A drinking spree was in progress when I arrived at the campsite. Odie welcomed me with a cup of steaming hot noodles, which I gobbled up inside my tent. Outside, the din reached fever pitch as my companions drank and raised the roof till midnight. But it hardly disturbed me. Still on cloud nine, I slept like a log atop the country’s highest peak.
Good Friday. With my body still smarting from pain, I joined Odie and company as we explored the seven summits of Apo, searching for the perfect spot to get strong mobile phone signals. How I wanted to text everyone in my phone list and let them know where I was but, alas, my gizmo had run out of power.
By noon, we packed up and began our descent to Lake Venado where we would encamp for the night. The trail to the lake was deceptive; it appeared easy as pie at the outset. Further down the line, however, it was fraught with obstacles. Large cakes of mud clung like adhesive all over my rubber shoes as I made my downward course. Twice, their traction wore away, causing me to lose my balance but not my patience. Inching my way through the sloping terrain interspersed with thick and lofty cogon grass, I finally set foot on solid, low-lying ground.
Black Saturday. The cold was unforgiving during the wee hours of the morning. The three layers of clothes plus two sweatshirts, pair of socks and bonnet that I wore failed to drive away the chill but they kept me from getting hypothermic. I buried myself into the sleeping bag and tried to go back to sleep.
Hours later, we decamped and proceeded downstream towards Agko in Kidapawan City. Surprisingly, I was unruffled by pain even as sharp twigs bruised my arms, thorny shrubs pierced my hands and bees stung my shoulder, neck and ear. The thought of the creature comforts awaiting us in Kidapawan must have helped eased it.
After a brief rest at Lake Mainit, we moved on with extreme urgency, as if afraid that tomorrow would never come.
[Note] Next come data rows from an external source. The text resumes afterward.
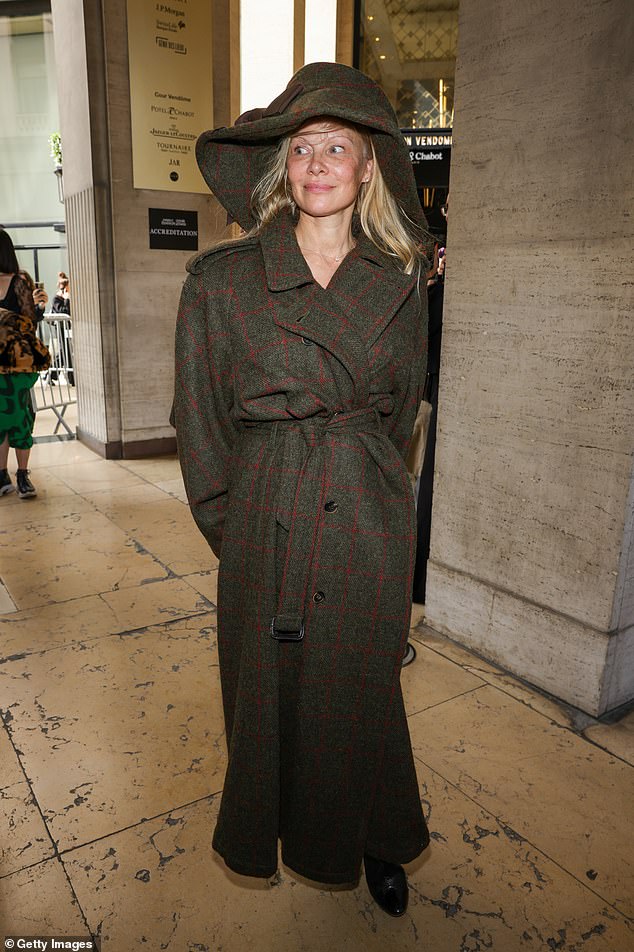 Have fun: At the Vivienne Westwood Spring/Summer 2024 show, she wore a large coat that tied loosely with a belt that tied in the front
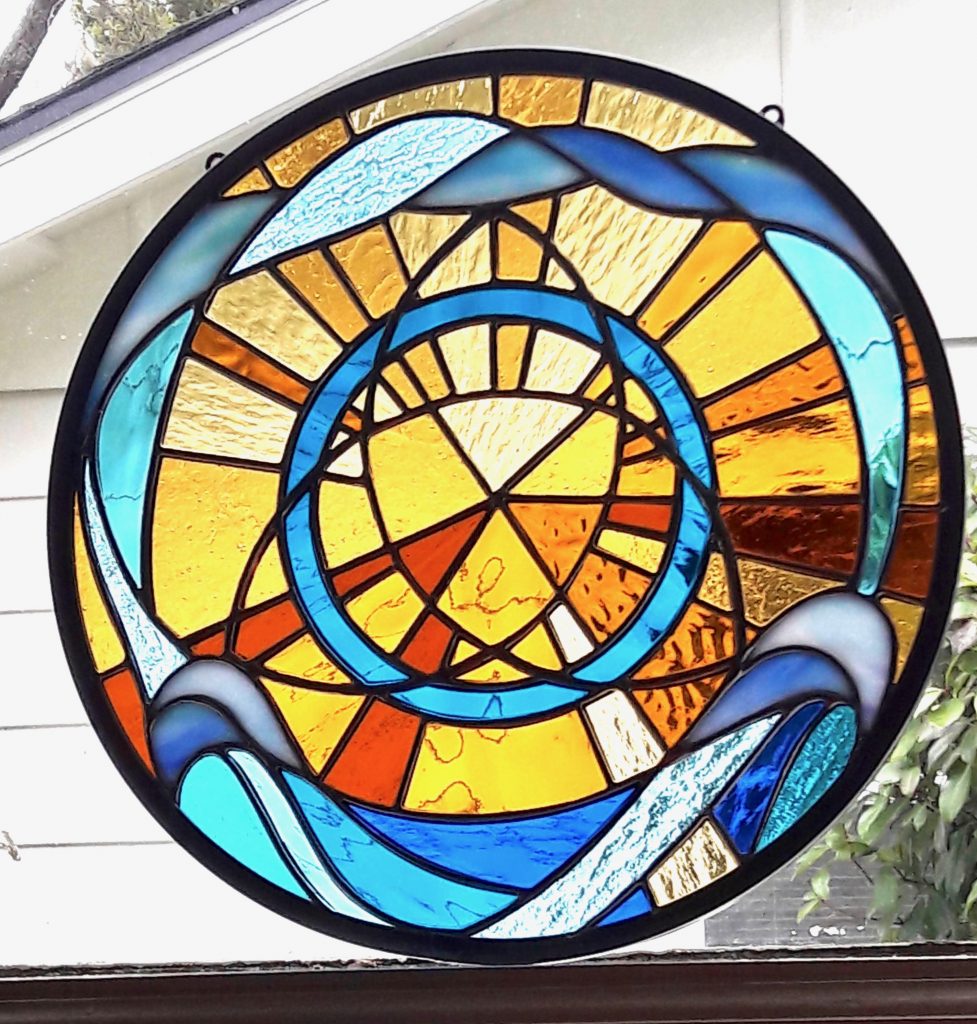Caron Art Glass Michelle Caron round panel stained glass amber blue Trinity Bright Day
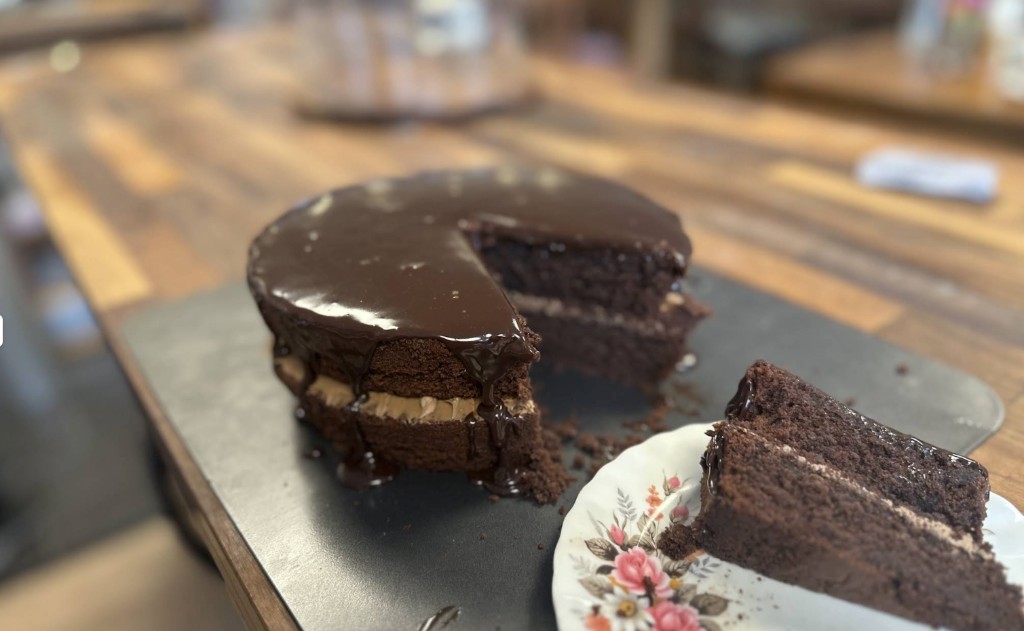 Chocolate cake with ganache glaze at The Vintage Vault bakery in Sheerness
In high spirits, I braved the current of the mighty Marbel River, leaped from one boulder to another, and trekked relentlessly, pushing myself to the nth degree. Before darkness could overtake me, I arrived at Agko, bruised and battered but nonetheless braver than my old self. Catching my breath, I was pleased to hear the roar of the vehicles that would take us back to Davao.
Days passed. I caught a glimpse of Apo’s majestic cone on the way to the office. It brought back memories of my humbling experiences during the trek. Altogether, they reminded me to study and prepare for my every move, to tread fast but not too fast or I’ll tumble, to take it slow but not too slow or I’ll be left in the cold, to give way to others and wait for my turn, to trust the kindness of strangers and to rely more on myself and my own resources to survive. In silence, I thanked the mountain for all the lessons in humility.